During limb development, several signaling centers organize limb pattern. One of these, the apical ectodermal ridge (AER), is critical for proximodistal limb outgrowth mediated by FGFs. Signals from the underlying mesoderm, including WNTs and FGFs, regulate early steps of AER induction. Ectodermal factors, particularly En1, play a critical role in regulating morphogenesis of a mature, compact AER along the distal limb apex, from a broad ventral ectodermal precursor domain. Contribution of mesodermal factors to the morphogenesis of a mature AER is less clear. The chick T gene (Brachyury), the prototypical T-box transcription factor, is expressed in the limb bud as well as axial mesoderm and primitive streak. T is expressed in lateral plate mesoderm at the onset of limb bud formation and subsequently in the subridge mesoderm beneath the AER. Retroviral misexpression of T in chick results in anterior extension of the AER and subsequent limb phenotypes consistent with augmented AER extent and function. Analysis of markers for functional AER in mouse T-/- null mutant limb buds reveals disrupted AER morphogenesis.
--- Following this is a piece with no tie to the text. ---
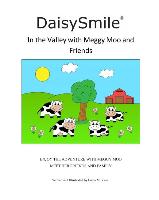 Daisysmile - In the Valley with Meggy Moo and Friends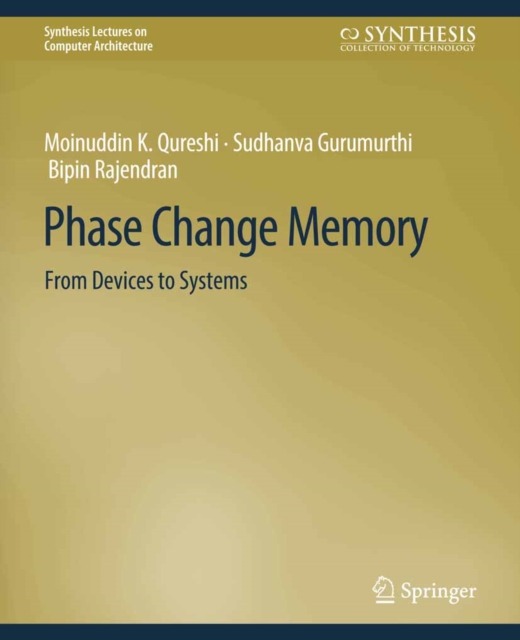 Phase Change Memory : From Devices to Systems, PDF eBook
These data also suggest that FGF and WNT signals may operate both upstream and downstream of T. During limb induction, WNT signals maintain high Fgf10 expression in prospective limb and FGF10 activates ectodermal Wnt3a and Fgf8 expression, initiating AER formation. AER signals subsequently also maintain mesodermal Fgf10 expression. T transcripts are first clearly detected at stage 15, at the onset of Wnt3a and Fgf8 activation in the ectoderm. Both the ability of WNT3a and FGF8 to induce T expression, and the ability of T to increase subridge expression of Fgf10 early after misexpression suggest that T may be a component of the mesodermal response to developing AER signals that maintains high Fgf10 apically and thereby also maintains the forming AER, establishing a regulatory loop between ectoderm and mesoderm. Taken together, the results show that T plays a role in the regulation of AER formation, particularly maturation, and suggest that T may also be a component of the epithelial-mesenchymal regulatory loop involved in maintenance of a mature functioning AER (Liu, 2003).